The problem is that the low-hanging fruit of privatisation and outsourcing have long since been plucked. The student loan book is trivial at a macroeconomic level.

A privatisation capable of stimulating the economy today would mean encroaching on the NHS or state pensions, neither of which would garner electoral support and either of which could prove counter-productive by depressing demand through precautionary saving.

gastro george

Are you trolling here? A better solution for stagnation is surely to increase aggregate demand and company investment through public expenditure and raising income levels, particularly at the lower end.

Ralph Musgrave

I agree with Gastro George. I can't see what Chris on about. Plus GG is right to say the solution is to increase aggregate demand.

My only quibble with GG is where he says the solution is to raise "public expenditure and raise income levels". Increased public spending (funded either by borrowing or by freshly printed money) will do the trick (as pointed out by Keynes in the 1930s) and will appeal to the political left.

The alternative (favored by the political right) is tax cuts, which will increase household spending. "Raised income levels" will certainly RESULT from the latter two options. And that raised income can be distributed any way we choose by juggling with the tax and social security system. But I wouldn't describe "raised income levels" as a basic cure for inadequate demand.

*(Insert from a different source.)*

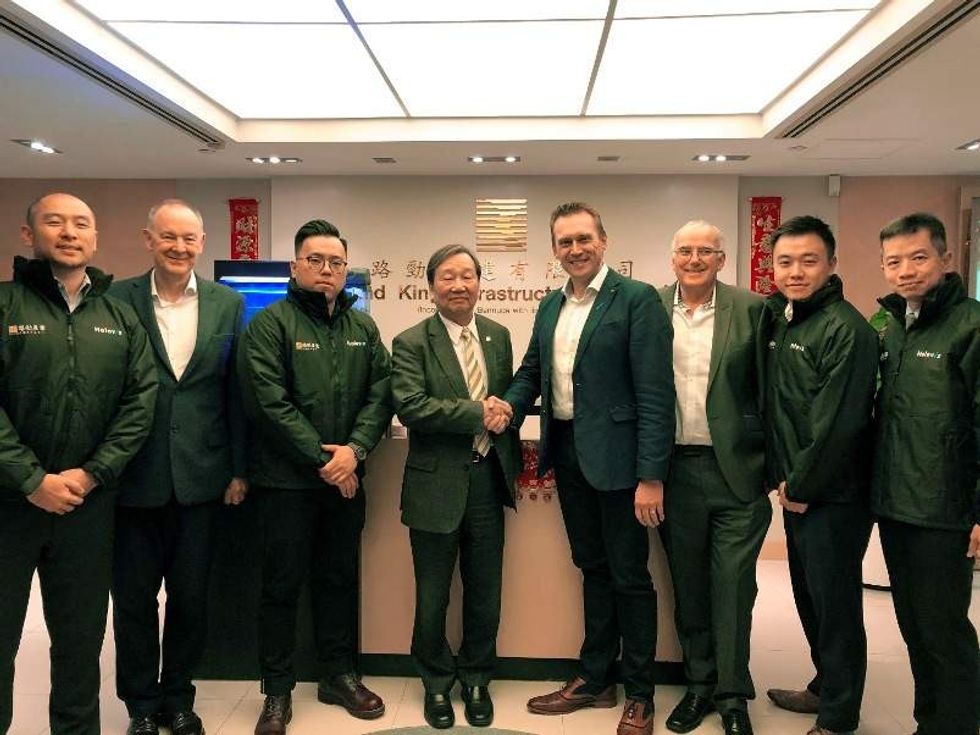 holovis and road king staff shake hands in celebration of new investment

«Because capitalism was dynamic back in the 80s and 90s»

In China and India yes.
In the UK in the 80s and 90s what was dynamic was the zooming up of debt to fund endless "Barber" import consumption booms and "Lawson" property prices booms, backed by vast extraction and net exports of oil from scottish oilfields, and secondarily by a massive influx of low-pay, "anti-inflationary" immigrant workers.

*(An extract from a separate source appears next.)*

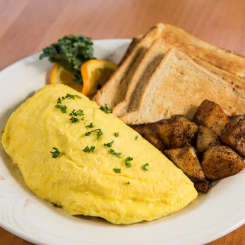 Omelette with potatoes, toast and orange garnish on white plate in Ogunquit, ME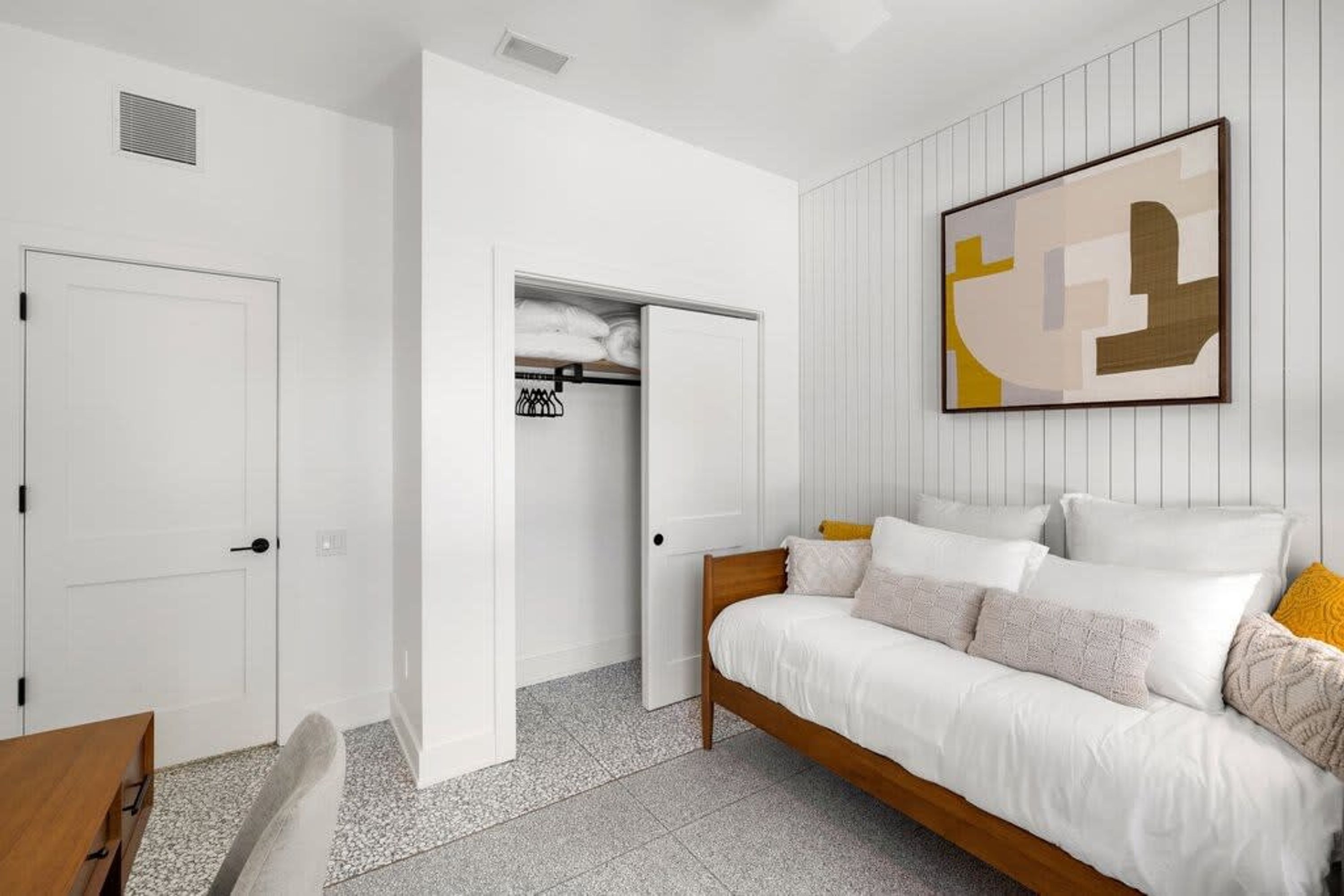 Ein modernes Schlafzimmer mit Bett, Kleiderschrank und einem Bild an der Wand.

When you say “such options are ruled out for political reasons” whose politics? Leave aside Brexit/Article 50, not the politics of Corbyn's Labour party.

gastro george


To clarify, by "raising income levels" I meant both restoring the wage component of GDP to former levels and rebalancing income from the rich to the poor - because they spend money rather than save it (esp offshore). Either would boost aggregate demand.

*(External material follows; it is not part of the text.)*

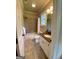 Bathroom featuring a shower/tub combo, neutral color palette, and granite countertops at 1345 Cashiers Way, Roswell, GA 30075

The autonomy of the state is not obviously less now than in the past. There is no real reason why a Parliamentary majority could not boost demand and growth by increasing the standard of living of the majority. The political ruling class just seem unwilling to do so.

It would be perfectly possible for the state to spend on investment financed by QE plus borrowing, and boost disposable income by restoring the welfare state increasing benefits and restoring an effective right to strike. Rent control, council house building and higher wages would provide plenty of opportunity for returns on capital. Higher wages mean more tax revenue to repay the debts used for expansion. Instead the political parties have a distant indifferent attitude to the UK economy as if it existed on mars.

George Carty


The problem is that we live in a gerontocracy where the pensioner vote typically decides elections (note how they have been protected by the "triple lock" while working-age benefit claimants have been hammered). And pensioners want to protect their streams of rentier income at the expense of the real economy.


"why banks invested in mortgage derivatives rather than proper assets"

You ban banks from "creating money" from lending except for "capital development." Anything else becomes a gift.